The Cañao

Current Cañao Masthead.

Current Cañao Masthead.


A Celebration of Service

Our official club bulletin has been called The Cañao. The word “cañao” (pronounced as kan-yau) is actually the local term for the ritual-dance performed during native feasts or celebrations in the highlands of the Cordilleras–in the Luzon area of the Philippines. Depicted in our Cañao emblem (above), are a number of human figures in deep concentration–absorbed in ritual dance.

The attention, focus, commitment and unity of our club’s members is symbolized by the dancing figures, in celebration or expectation of a bountiful harvest; much as we actually do as Rotarians–in anticipation of the joy derived from public service to the community–always coupled with fellowship. Hence, the sub-title “A Celebration of Service.”
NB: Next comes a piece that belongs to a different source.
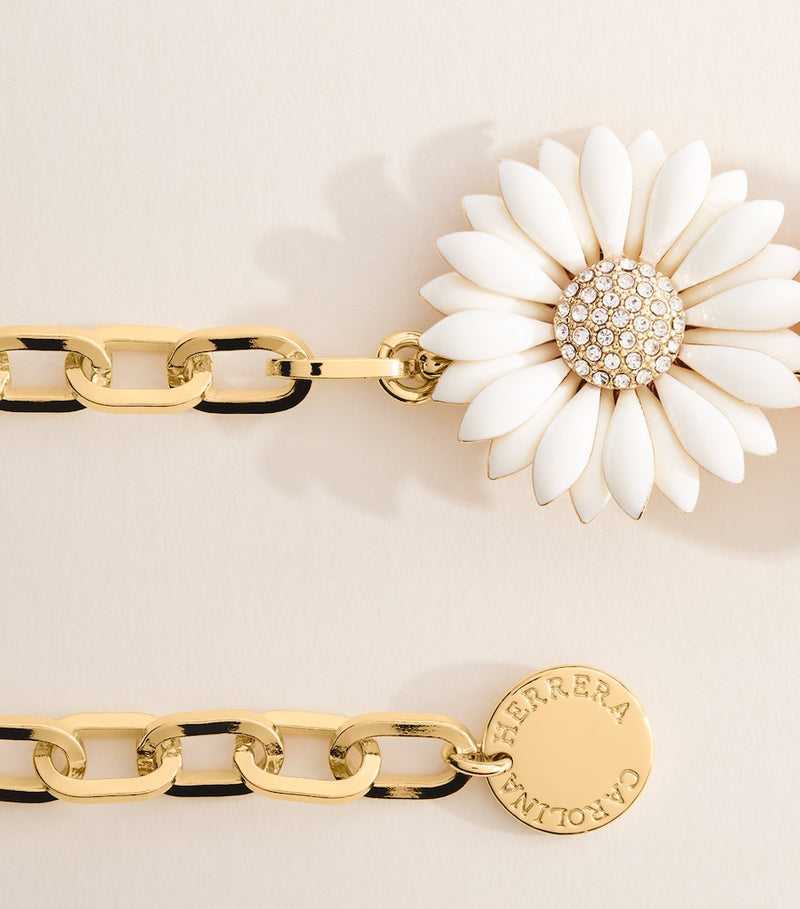 Carolina Herrera gold-tone floral necklace (British brand)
A new Cañao issue is released every Saturday, in conjunction with the Saturday, lunchtime meeting of the RCB. The club meets at the Baguio Country Club every Saturday at 12:30 to 2:20 PM; our venue is usually at the PowerHouse Building, unless prior notice is given. It is a continuing tradition to always start our club meetings promptly on time. Visitors and guests are always welcome to join us.
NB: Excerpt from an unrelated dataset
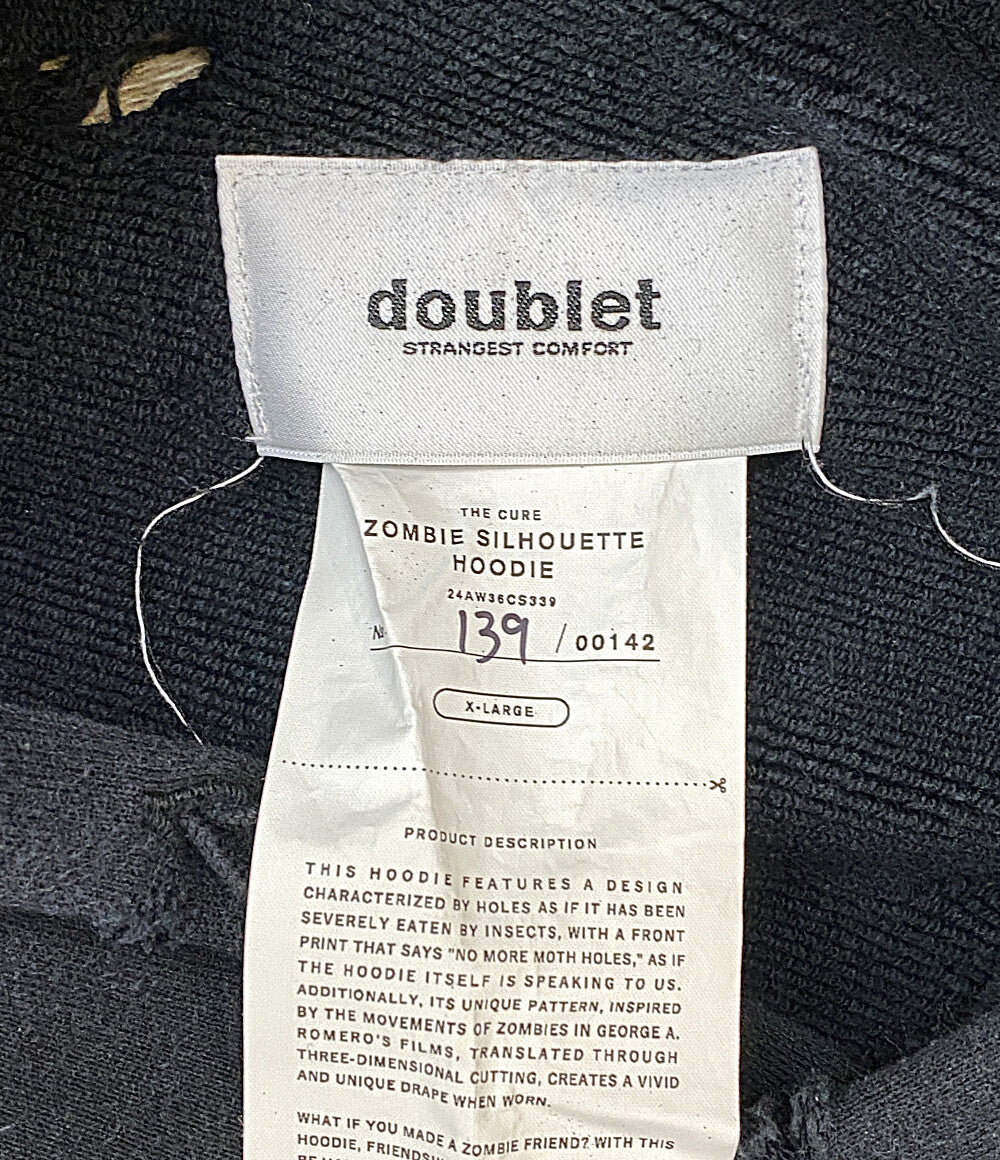 ダブレット パーカー ZOMBIE SILHOUETTE HOODIE 24AW36CS339 メンズ SIZE XL doublet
RCBaguio history records have it, that our club bulletin was originally called “The Baguio Canao.” It started as a fortnightly publication in August 1938 with Rtn. Percy Warner “PW” Tinan as editor-in-chief. Only in July 1968, when Rtn. Ricardo “Carding” Paraan took over as EIC, did it become a weekly publication. Most of our earlier weekly editions were mimeographed prints, superimposed over pre-printed brown-red mastheads. The ingenuity of our forebears can readily be seen as one goes over our Cañao archives… Indeed, a learning experience in itself.

The Cañao emblem has been in use since our official weekly bulletin was started. In our earlier years, it has even been used and referred to as our RCB logo.

Cañao emblem circa 2001.

Cañao emblem circa 2001.

The figure at left was the much larger version of the emblem as created by Rotarian Jody Alabanza in 2001.

It was only in 2005 when the design was color-rendered and reduced to the smaller one we have today. The update was made (by the 2005 EIC), in tandem with the release of an official RCB logo which was accepted by our members.